Le baby pensioni rappresentano oggi un forte elemento di squilibrio per il sistema pensionistico italiano, non solo sul piano sociale ma anche e soprattutto su quello economico. Secondo lo studio del professor Alberto Brambilla, i baby pensionati costano allo Stato italiano circa 9 miliardi all’anno e, in molti casi, ricevono l’assegno da ben 38 anni avendone lavorati soltanto 15.

Per l’Inps, che solo qualche anno aveva fornito un’accurata relazione sul tema, i beneficiari delle baby pensioni sono stati in totale 256mila, con 186mila ancora vigenti (149mila sono donne). Il costo annuale, con questi dati, era pari a 2,9 miliardi di euro, mentre l’età media di inizio della pensione era di circa 42 anni per le donne e 45 per gli uomini. Quanto agli anni di contribuzione, la media era di 22 per le donne e 25 per gli uomini. Il valore medio delle pensioni era di 1.200 euro al mese, con la spesa totale ai valori attuali stimata dall’Inps almeno pari a 130mila euro.

Le implicazioni future

Così come sostenuto da Brambilla, i conti della previdenza dovrebbero reggere anche nel periodo compreso 2035-2040, ovvero quando la maggior parte dei baby boomer sarà pensionata.

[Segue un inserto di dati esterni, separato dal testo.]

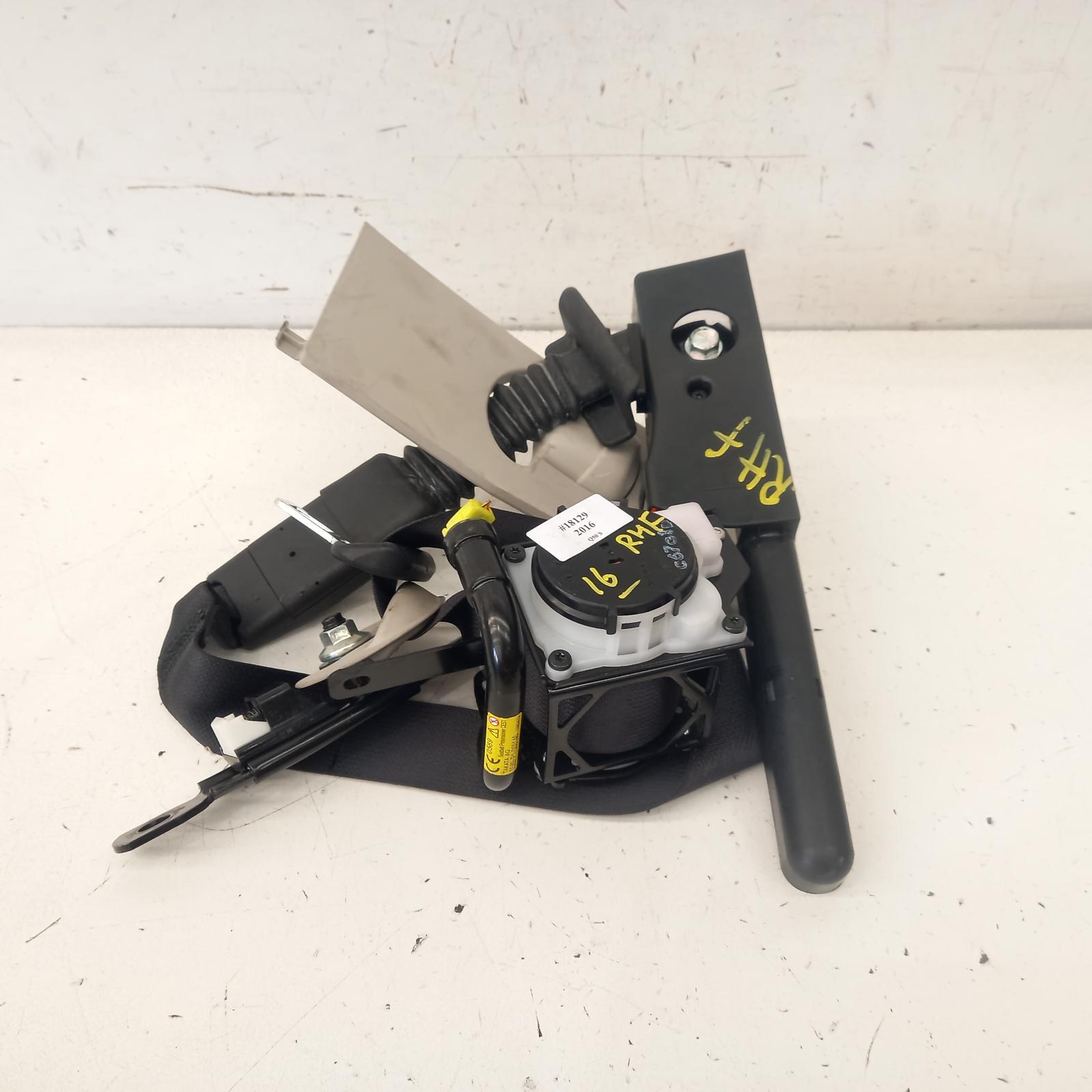 View Auto part Seatbelt/Stalk Infiniti Q50 2016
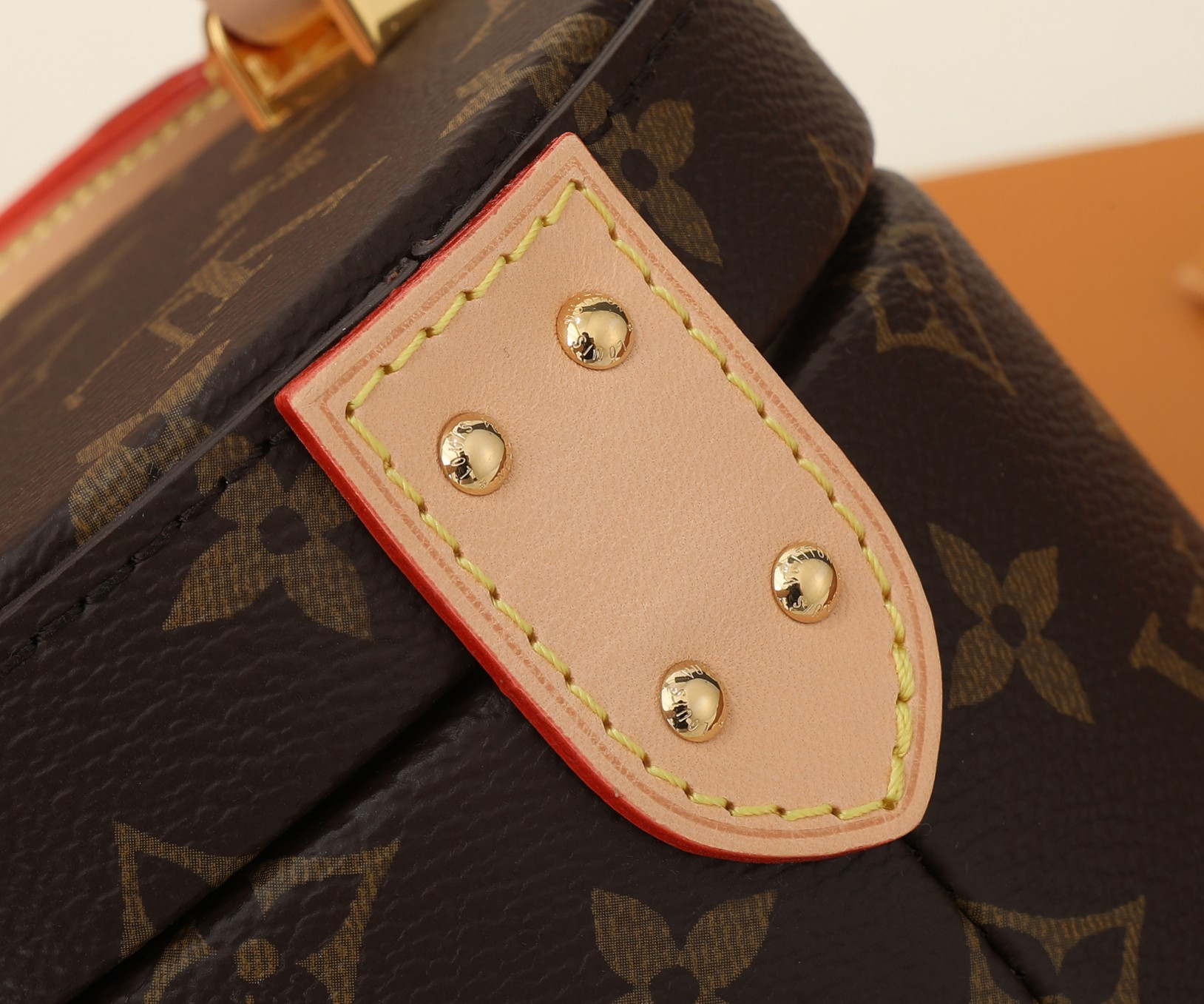 LV Scott M46933 5.3 x 3.5 x 4.5 inches
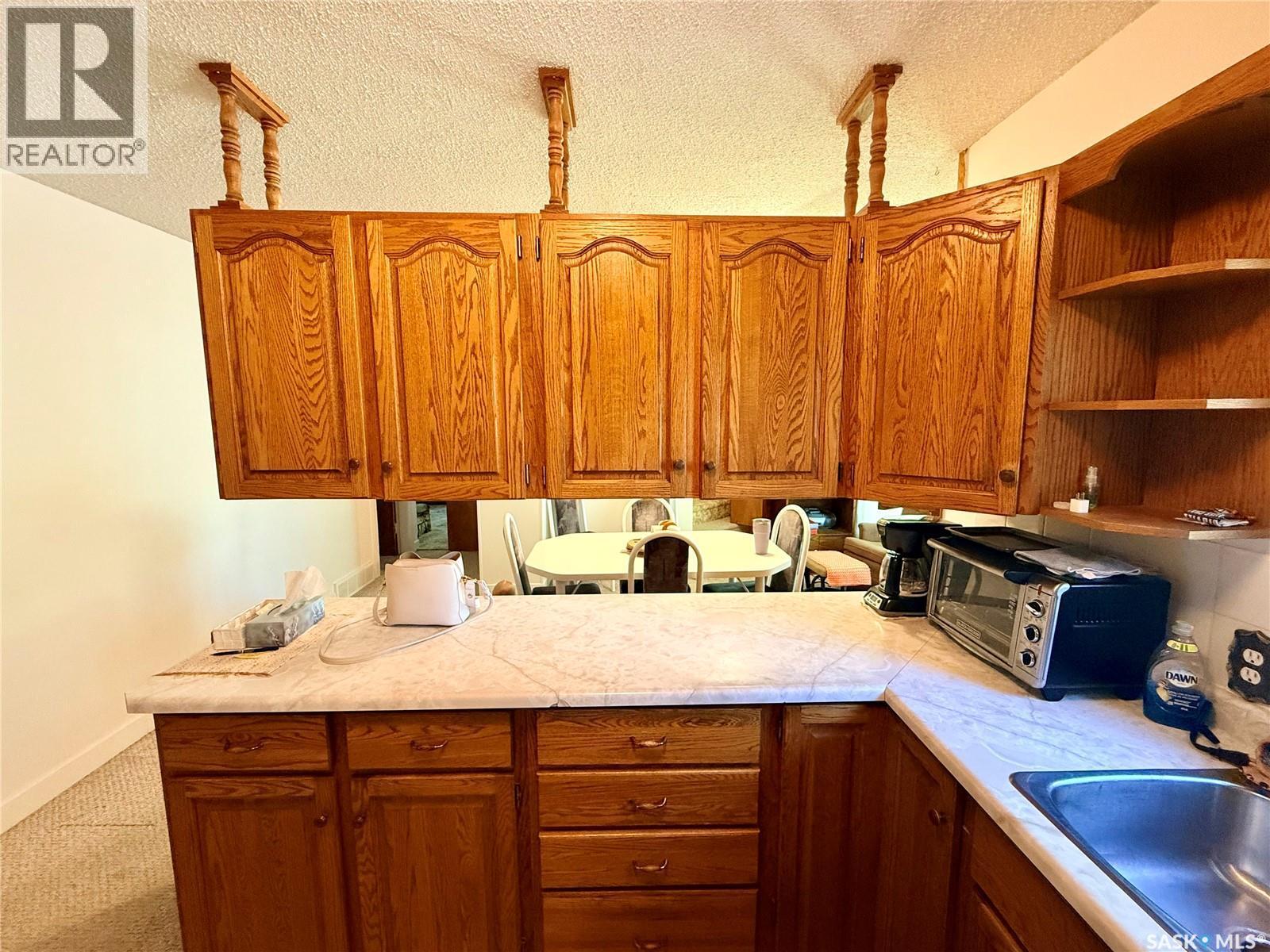 201 3Rd Street E, Ponteix, SK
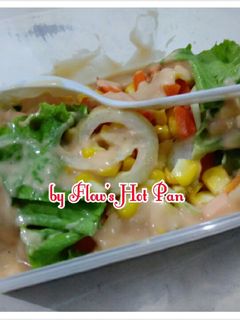 Foto resep Salad with Thousand Island Dressing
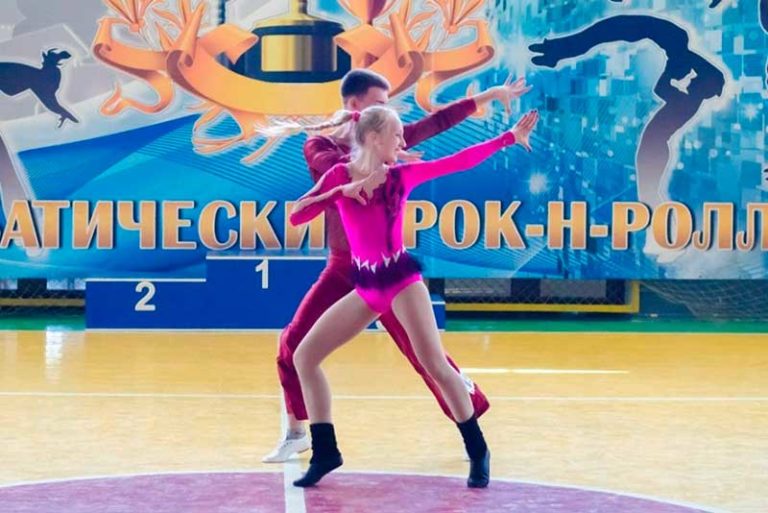 акробатический-рок-н-ролл-календарь-2021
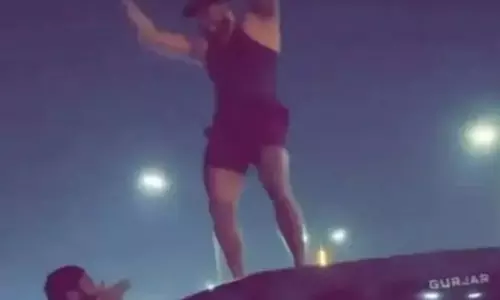 Noida: नाचते हुए युवक को पुलिस ने सिखाया सबक, 38 हजार का भारी चालान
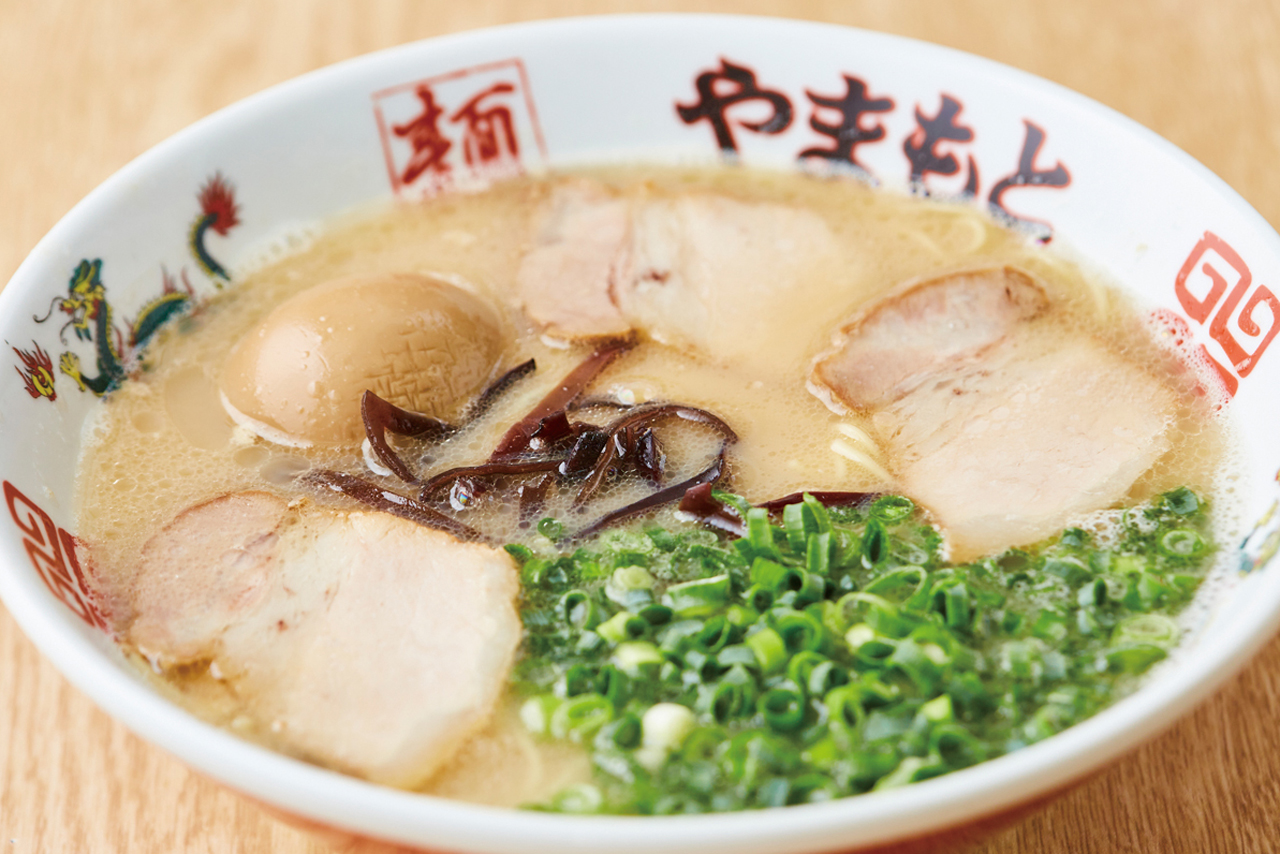 【福岡麺本 vol.10】古き良き風合いを残しながら 独自の豚骨ラーメンへと昇華　『ラーメン　やまもと　春日本店』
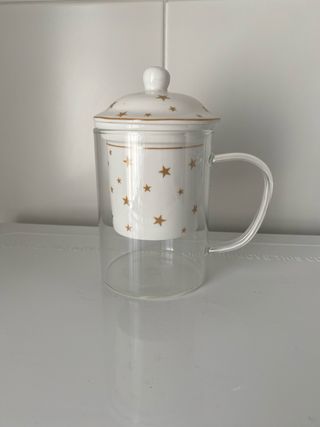 Taza de cristal con infusor y tapa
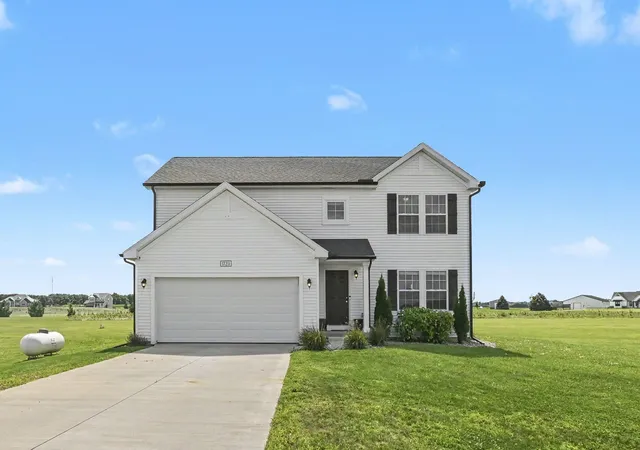 Single family home for sale at 17211 Country Ln, ManchesterTownship_Washtenaw, MI 48158 | MLS# 81026045805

A risentire maggiormente del disastro attuato in passato saranno soprattutto i più giovani. Per limitare questo impatto, per il professor Brambilla è necessario applicare puntualmente degli stabilizzatori automatici dell’adeguamento dell’età anagrafica e dei coefficienti di trasformazione all’aspettativa di vita. Inoltre c’è l’esigenza di bloccare l’anzianità contributiva agli attuali 42 anni e 10 mesi per gli uomini e 41 e 10 per le donne, prevedendo sempre una riduzione per donne madri e precoci e un superbonus per chi decide di rimanere a lavoro fino a 71 anni.